Instructions for the task:
From the entries below, return only the lines starting at the one that contains "10 Największych PRZYPADKOWYCH" and ending at the one that contains "Escape VIGO 190", exactly as they stand.

Record excerpts:

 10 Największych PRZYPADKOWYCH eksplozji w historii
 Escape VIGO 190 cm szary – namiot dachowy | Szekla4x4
* * *
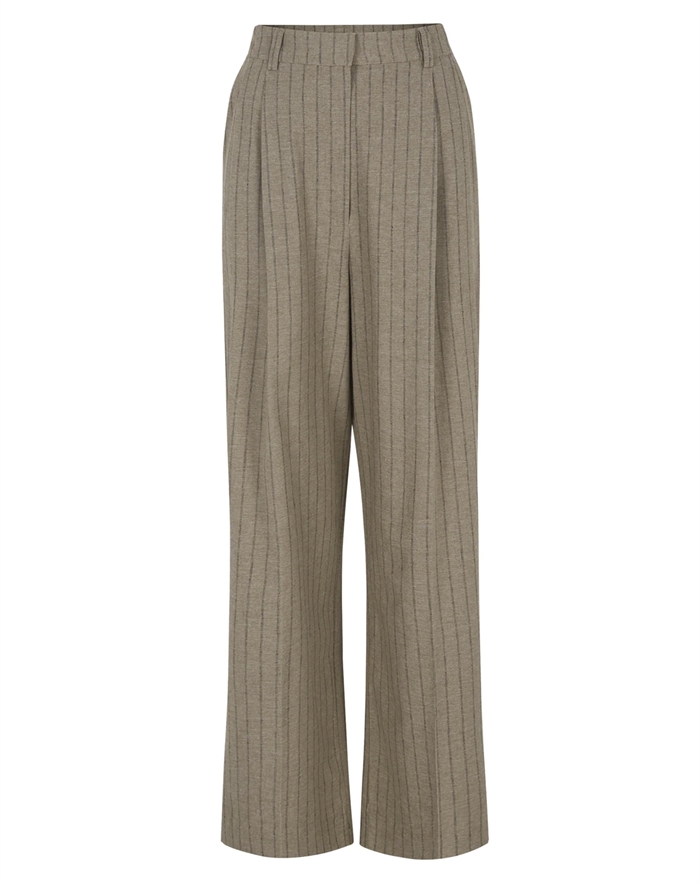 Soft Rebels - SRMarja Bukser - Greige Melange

Written solution:
 10 Największych PRZYPADKOWYCH eksplozji w historii
 Escape VIGO 190 cm szary – namiot dachowy | Szekla4x4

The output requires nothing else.